── DATA IN THIS EXERCISE

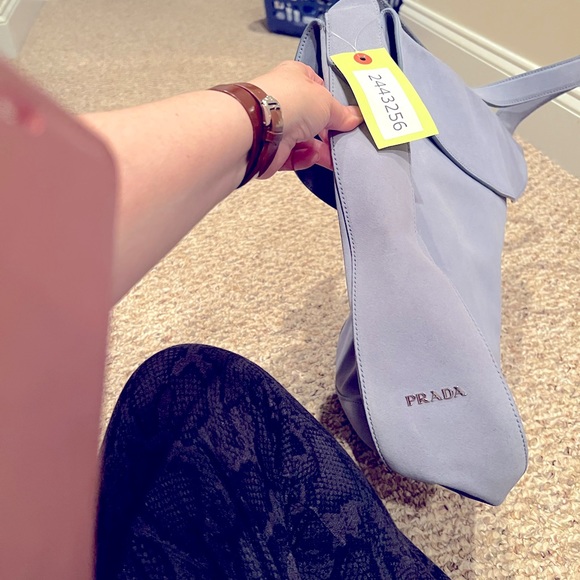 Prada Hand Bag Blue Suede Leather 2443256 - Picture 5 of 16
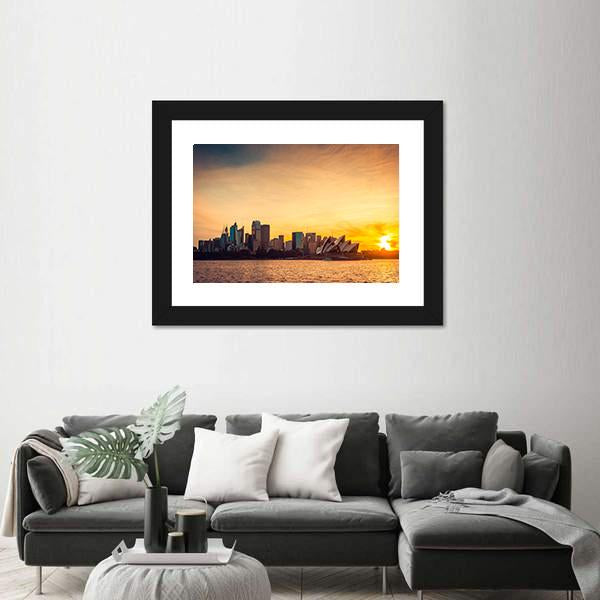Sydney City View At Sunset Canvas Wall Art-5 Horizontal-Gallery Wrap-22" x 12"-Tiaracle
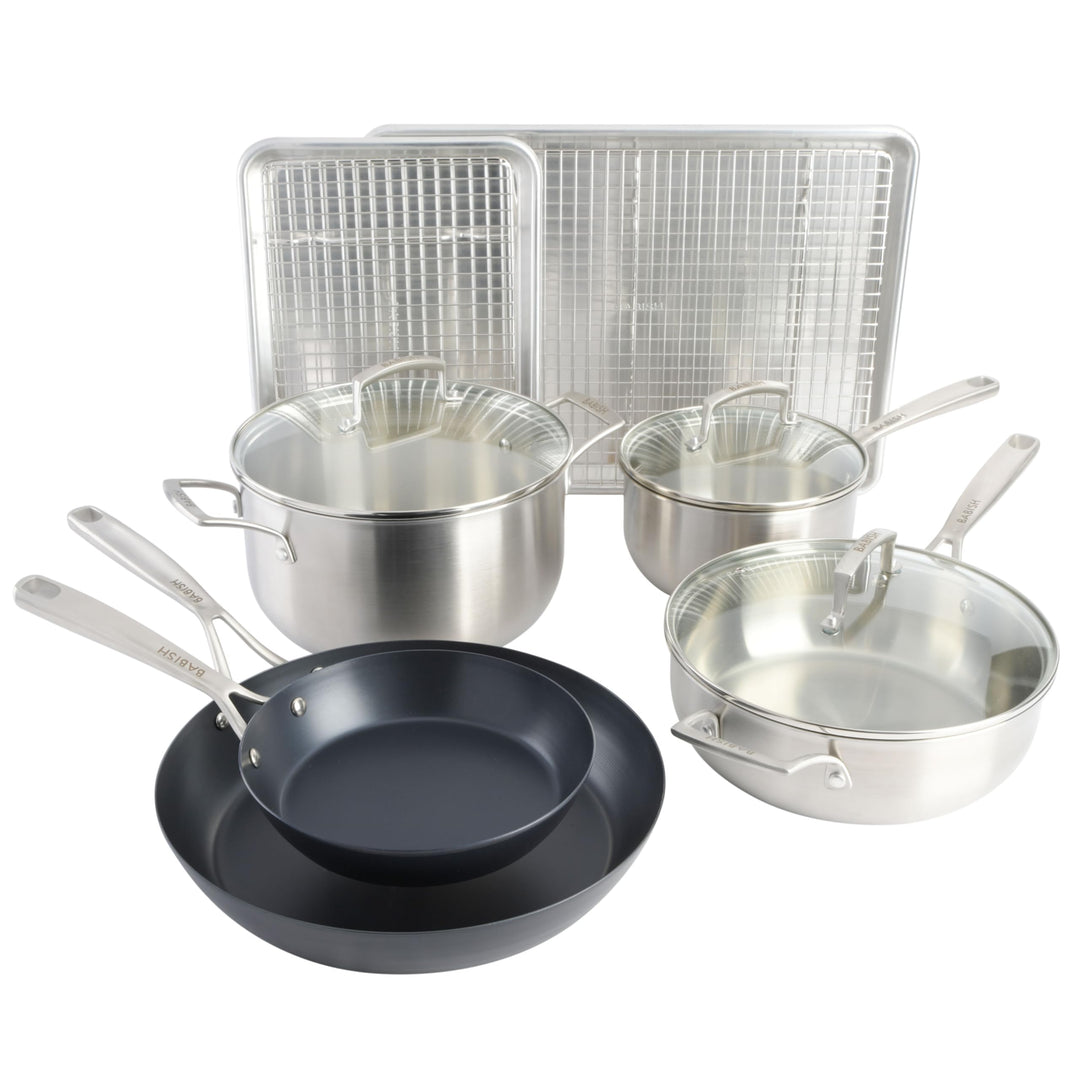 Babish 12-Piece Mixed Material (Stainless Steel, Carbon Steel, &amp; Aluminum) Cookware Set W/Baking She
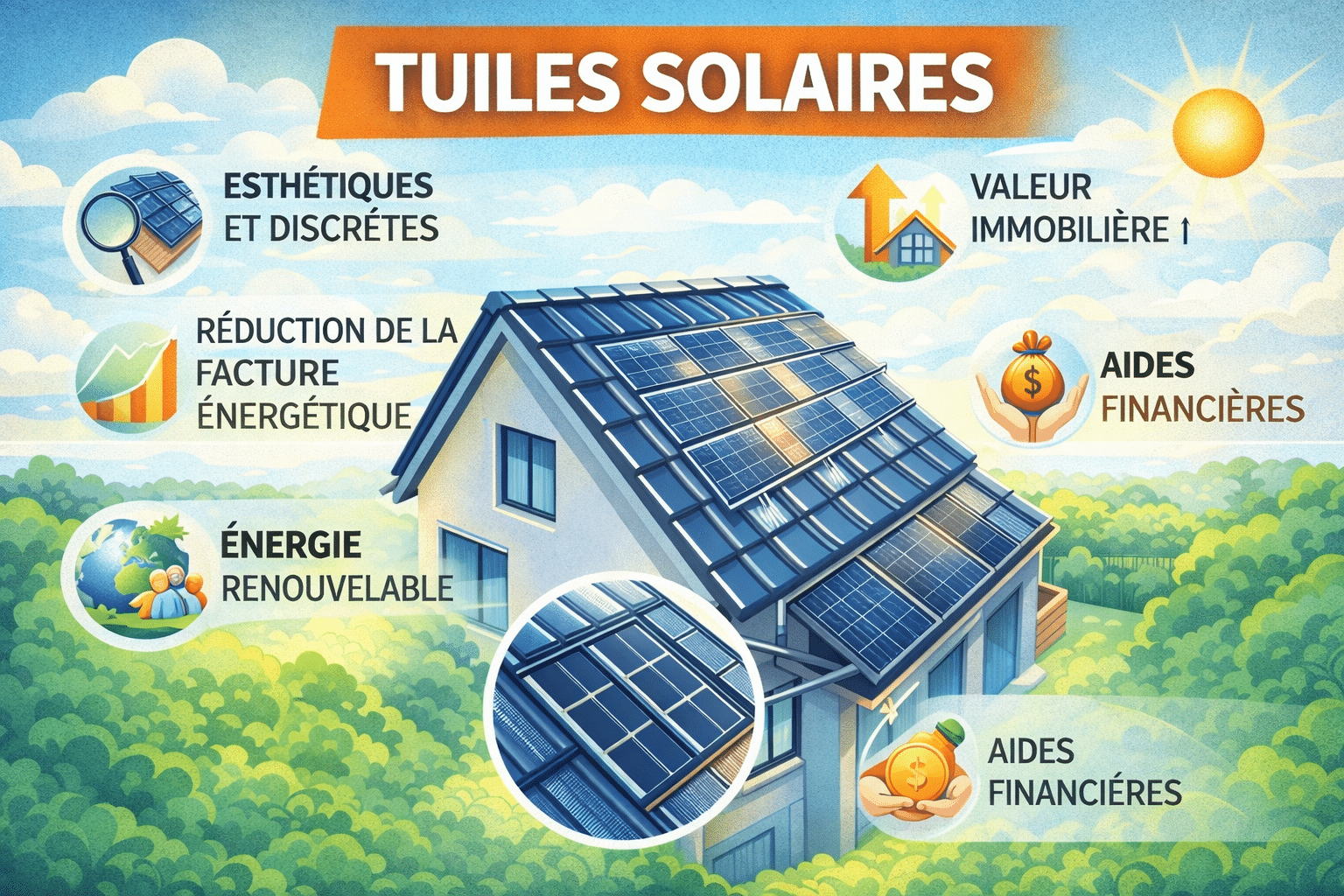 Infographie colorée illustrant une maison équipée de tuiles solaires intégrées à la toiture, mettant en avant leurs avantages comme l’esthétique discrète, la réduction de la facture énergétique, la valorisation immobilière, les aides financières et l’énergie renouvelable.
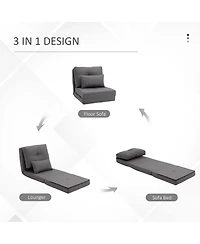 Homcom 2-in-1 Floor Lazy Sofa with 5 Position Adjustable Backrest, Dark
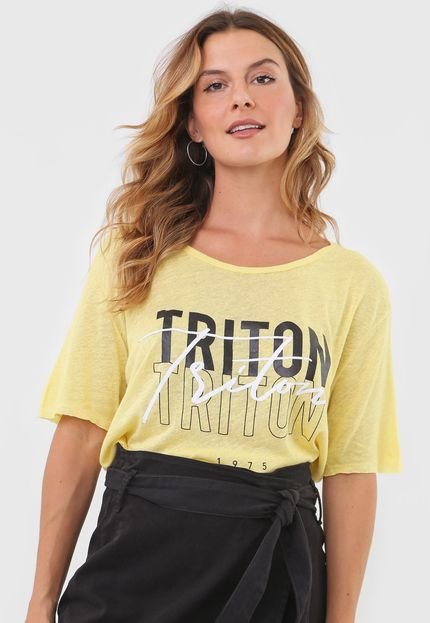 Camiseta Triton Lettering Amarela - Marca Triton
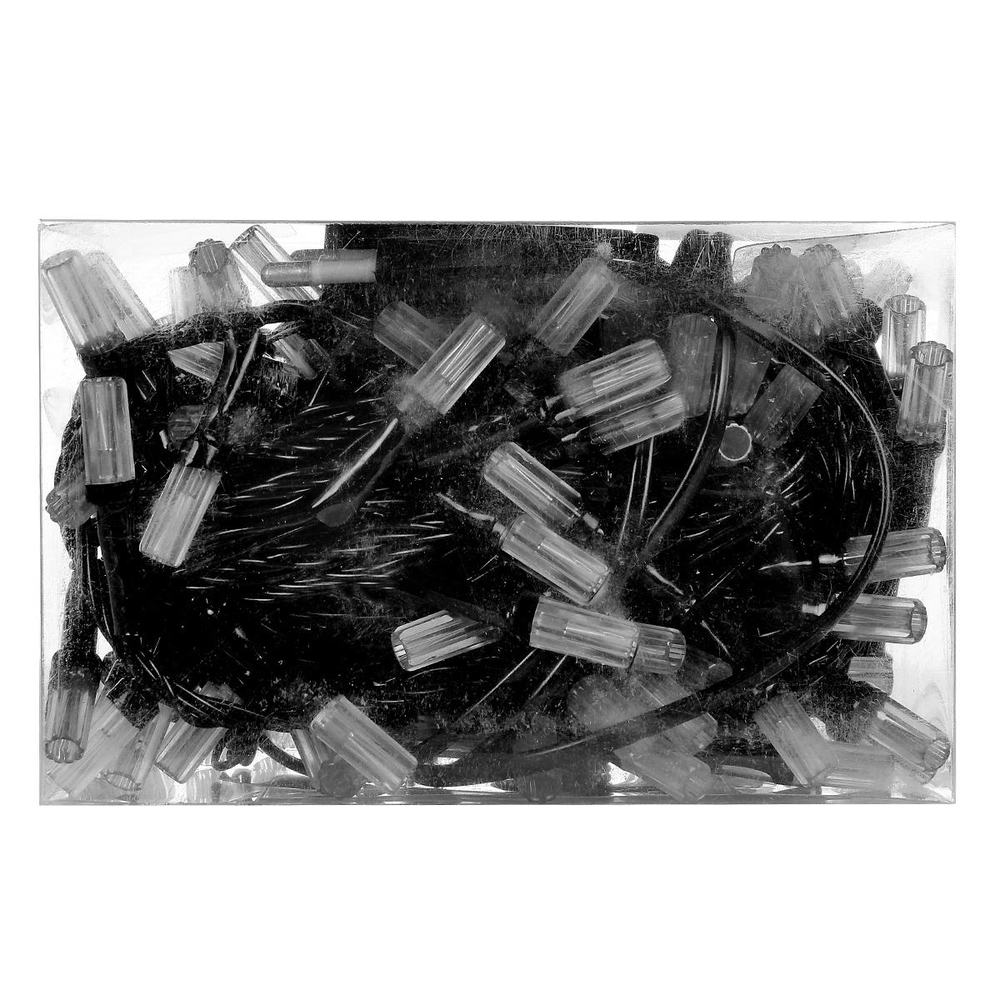 Электрогирлянда LED одноцветная белая 100 ламп, 9 м, 4 режима мигания, черный провод, в конце розетк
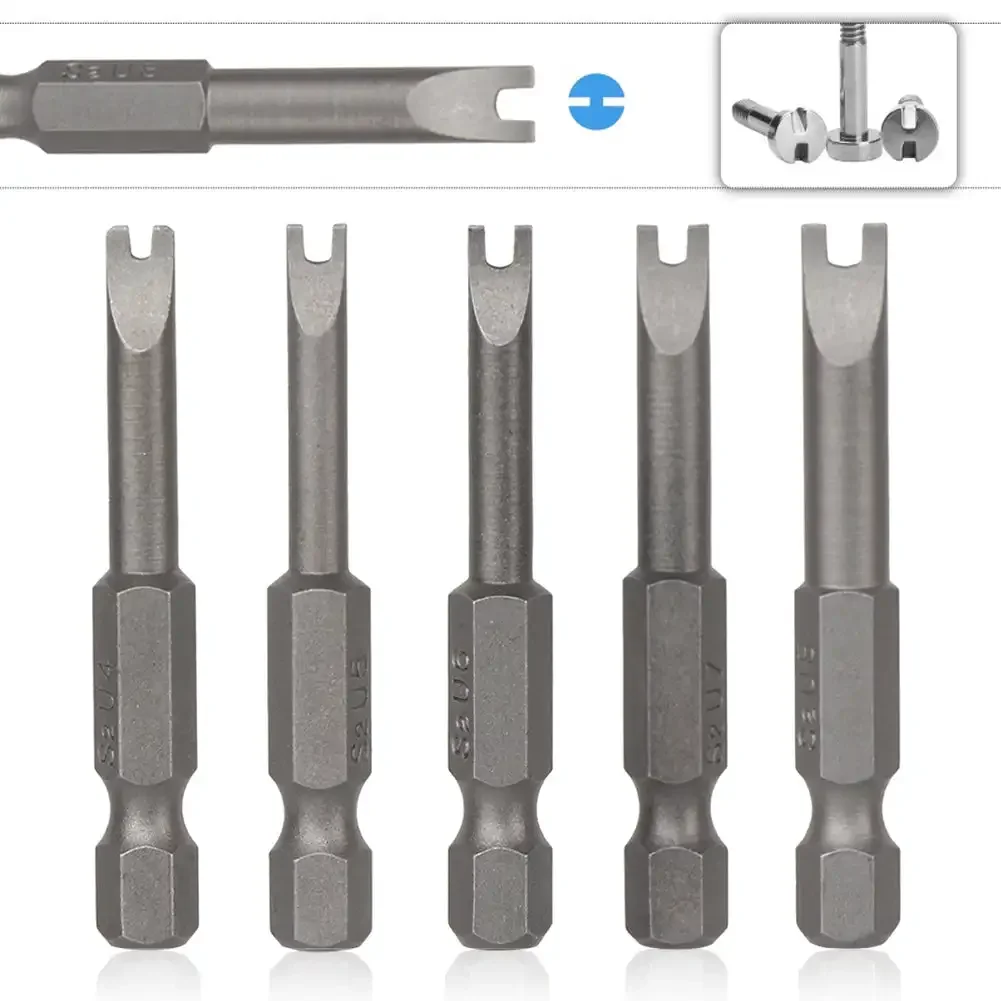 5pcs U Shaped Screwdriver Bits 1/4 Inch Hex Magnetic Screw Driver Set S2 Steel 50mm Length U4 U5 U6 U7 U8 for Hand Tools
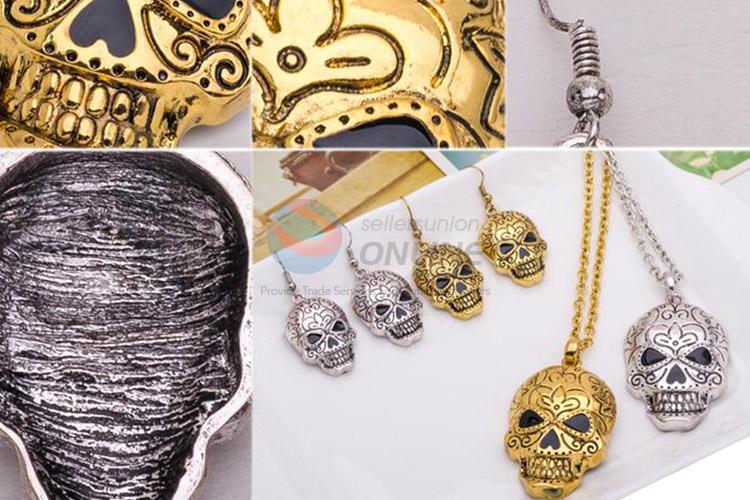 Cute design wholesale skull shaped necklace&earring  set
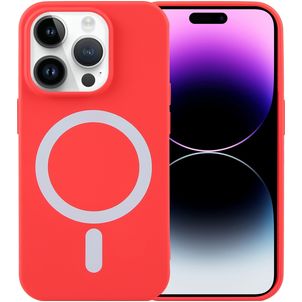 Mobigear Rubber Touch iPhone 15 Pro Max Silikon MagSafe Hülle Backcover - Rot
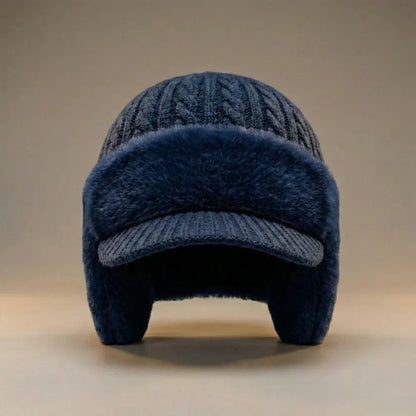 Knit Trapper Cap with Ear Flaps – Warm Winter Outdoor Headwear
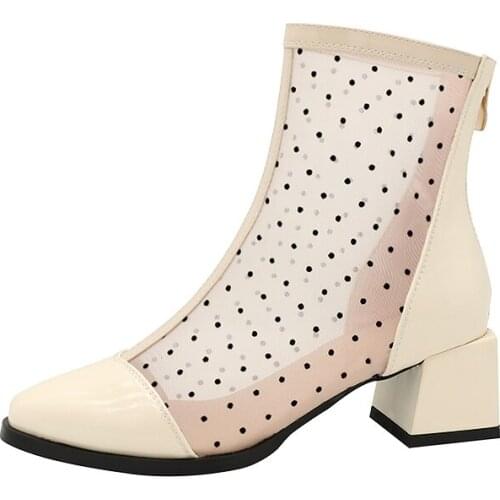 ZJVI Ankle Boots 2021 Women Patent PU Mesh Black Womens 6cm Square Heels Pointed Toe Shoes Ladies Sandals Summer Girls Boot New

────

- **WORK INSTRUCTION**:
Output all of the data above exactly; no pictures should appear.

- **YOUR SOLUTION**:
 Prada Hand Bag Blue Suede Leather 2443256 - Picture 5 of 16
Sydney City View At Sunset Canvas Wall Art-5 Horizontal-Gallery Wrap-22" x 12"-Tiaracle
 Babish 12-Piece Mixed Material (Stainless Steel, Carbon Steel, &amp; Aluminum) Cookware Set W/Baking She
 Infographie colorée illustrant une maison équipée de tuiles solaires intégrées à la toiture, mettant en avant leurs avantages comme l’esthétique discrète, la réduction de la facture énergétique, la valorisation immobilière, les aides financières et l’énergie renouvelable.
 Homcom 2-in-1 Floor Lazy Sofa with 5 Position Adjustable Backrest, Dark
 Camiseta Triton Lettering Amarela - Marca Triton
 Электрогирлянда LED одноцветная белая 100 ламп, 9 м, 4 режима мигания, черный провод, в конце розетк
 5pcs U Shaped Screwdriver Bits 1/4 Inch Hex Magnetic Screw Driver Set S2 Steel 50mm Length U4 U5 U6 U7 U8 for Hand Tools
 Cute design wholesale skull shaped necklace&earring  set
 Mobigear Rubber Touch iPhone 15 Pro Max Silikon MagSafe Hülle Backcover - Rot
 Knit Trapper Cap with Ear Flaps – Warm Winter Outdoor Headwear
 ZJVI Ankle Boots 2021 Women Patent PU Mesh Black Womens 6cm Square Heels Pointed Toe Shoes Ladies Sandals Summer Girls Boot New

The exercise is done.